En la última rueda de prensa tras el consejo de ministros —viernes de puente; sólo mirábamos los que estábamos de guardia—, la vicepresidenta española dejó caer como al despiste que su Gobierno tenía la intención de pactar con el PSOE medidas para frenar “el drama de los desahucios”. Me he cuidado de poner las comillas porque tal que así lo soltó Soraya Sáenz de Santamaría, como si utilizando esa denominación que en sus labios no es más que una muletilla fuera a hacernos tragar que la cuestión le quita medio minuto de sueño. Primero tendría que hacer el enorme esfuerzo mental de imaginar qué supone para una familia verse en la puta calle. Ni aunque le llovieran encima diez toneladas de empatía podría hacerlo. Probablemente, en su cabeza no será una faena muy distinta a que a la cocinera le salga grumosa la vichisuá o a que se le haga una carrera en la media cuando está a punto de saludar en un cóctel al embajador de Liechtenstein.

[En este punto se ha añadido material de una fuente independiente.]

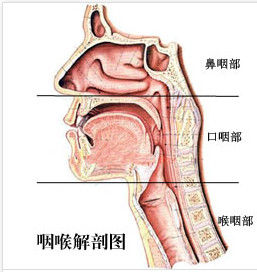 急性咽喉炎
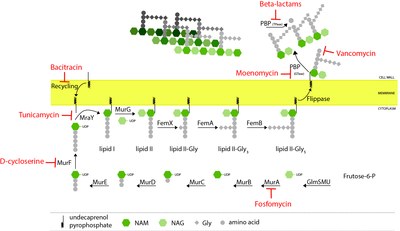 PG biosynthesis website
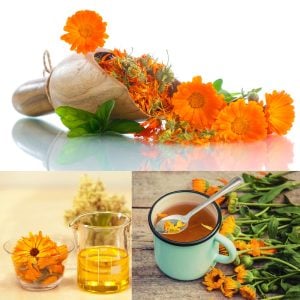 Turuncu aynısafa çiçeği tohumu Genta calendula officinalis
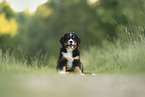 Bernese Mountain Dog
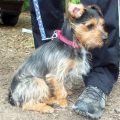 Jack Russell Terrier And Yorkie Mix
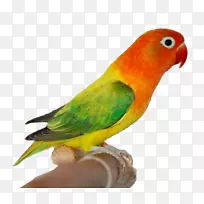 菲舍尔的爱鸟，卢蒂诺红脸的爱鸟，突变的黄色领口的爱鸟-爱的鸟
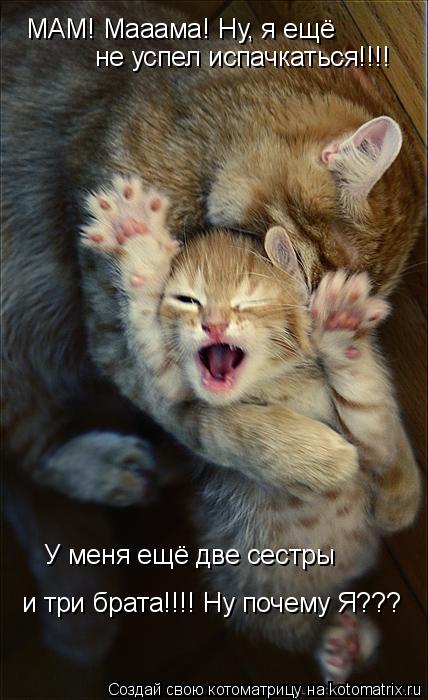 Котоматрица: МАМ! Мааама! Ну, я ещё  не успел испачкаться!!!! и три брата!!!! Ну почему Я??? У меня ещё две сестры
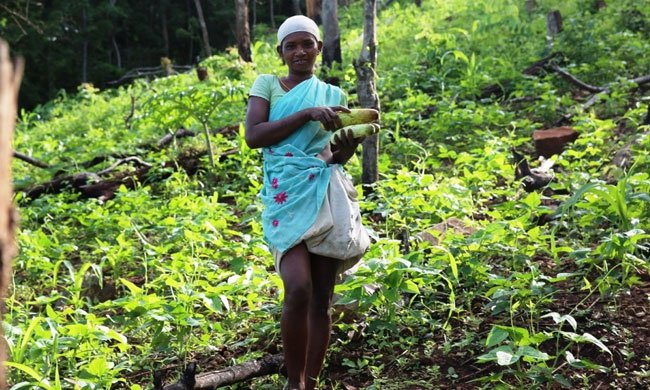 They Lost Their Jungles to Plantations, But These Indigenous Women Grew Them Back ~ yesmagazine.org/planet/they-lo… #ecosystems #environment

¿Exagero? Sí, pero me temo que apenas lo justo. En lo difuso, casi etéreo, del mismo anuncio se percibe a leguas que, por mucho que sobreactúen llamándolo drama, a este Gobierno se la trae bastante al pairo el asunto. Cada semana nos atizan un ramillete de Decretos Ley dentados que van al BOE corriendo que se las pelan, pero para detener la sangría de quinientos desalojos diarios todo lo que se sacan de la manga es la vaga promesa de estudiar el asunto cuando tengan una ratito libre. De propina, como si no supiéramos que manejan el rodillo a discreción, esta vez se disfrazan de cofrades del consenso y pretenden meter en el ajo al partido mayoritario de la oposición. Es decir, al mismo que cuando tuvo mando en plaza regaló a los bancos miles de millones de euros a cambio de absolutamente nada. Y entonces ya se practicaban los desahucios a tutiplén.

Ocurre simple y llanamente que ni a unos ni a otros les va la vida en ello. Ese es el verdadero drama.